The kids had been performing school cheers in an attempt to drown out the harassment but did not respond to adults’ insults and abuse in kind, nor did they chant “build the wall,” as had been widely claimed.

As additional video came to light, many journalists and public figures quickly deleted their snap condemnations of the students. Others either tried to keep the original narrative alive or refused to unequivocally retract or apologize for their initial claims, leading attorneys representing the students to threaten numerous defamation suits.

Among those public figures was Griffin, who in a January 20 tweet that remains up as of September 19, demanded, “Name these kids. I want NAMES. Shame them. If you think these f***ers wouldn’t dox you in a heartbeat, think again.” She also called for “stories from people who can identify them and vouch for their identity.” (Griffin also tweeted then deleted a false claim that an “OK” hand gesture at a Covington basketball game was actually a Nazi hand sign.)

She also told one respondent concerned about mistaken identity to “calm down” because “human beings and the Internet have a way of working these things out,” and no minors had yet been “wrongly identified to the point of being in danger. In fact, at least two students, Jay Jackson and Michael Hodge, were publicly misidentified as being in the video when in fact they didn’t attend the March at all, requiring the latter to temporarily be escorted to school by police.

On Monday, attorneys representing several of the students and their families filed a federal lawsuit in the Eastern District of Kentucky seeks damages from the comedian for privacy invasion, menacing, threatening, and civil harassment.

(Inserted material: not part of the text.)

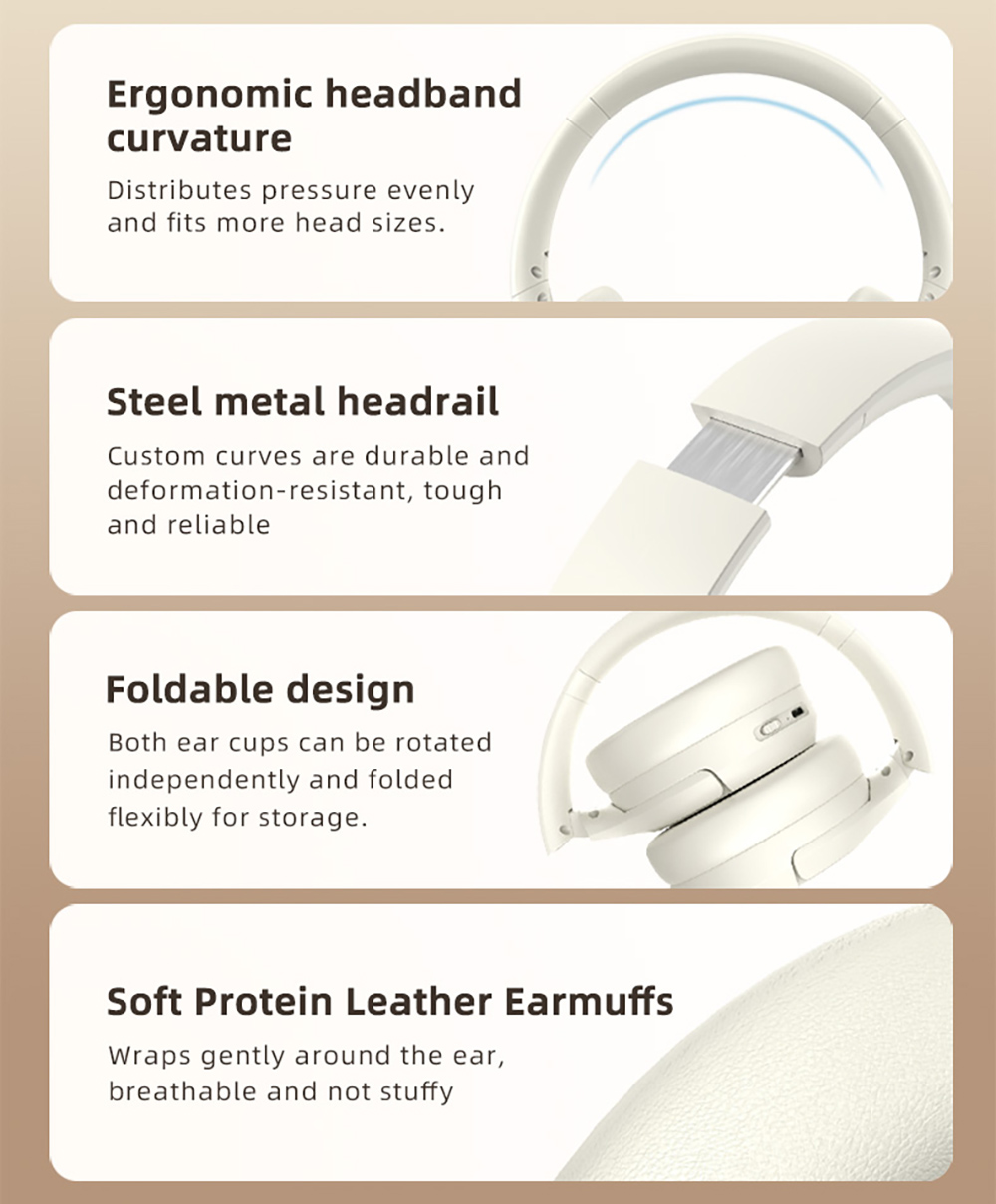 L50 ANC Foldable Headphones, Hi-Fi Audio, Bluetooth 5.4, 50 Hours Playtime (ANC on), Support Wired Connection - White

Griffin “acted in a hateful, concerted, and targeted doxing campaign conducted in the Commonwealth of Kentucky to harass, humiliate, and threaten the Plaintiffs; to intrude upon and violate their privacy, and to substantially assist, encourage, and act in concert with others to engage in such harmful conduct,” the lawsuit alleged.

Her doxing calls “served no legitimate purpose” but to impose on the students a “reasonable apprehension” of retaliation, resulting in “death threats in the sanctity of their homes and school (CCH), and being subject to and incurring intimidation, harassment, annoyance, and alarm, including such injury to them in their future academic, business, career, and employment opportunities.”

The families seek a jury trial that they hope will find Griffin liable for “compensatory and punitive damages in an amount to be determined at trial,” plus attorney fees and trial expenses.

Attorneys representing Nick Sandmann have filed defamation suits against CNN, NBC, MSNBC, and The Washington Post. Attorneys representing other Covington students are suing various left-wing figures for their false claims, including Democrat Sen. Elizabeth Warren, CNN’s Ana Navarro, The New York Times’ Maggie Haberman, ABC News’ Matthew Dowd, ex-CNN personality Reza Aslan, Kentucky entrepreneur Adam Edelen, Princeton University’s Kevin Kruse, left-wing activist Shaun King, Mother Jones editor-in-chief Clara Jeffery, and Rewire editor-in-chief Jodi Jacobson.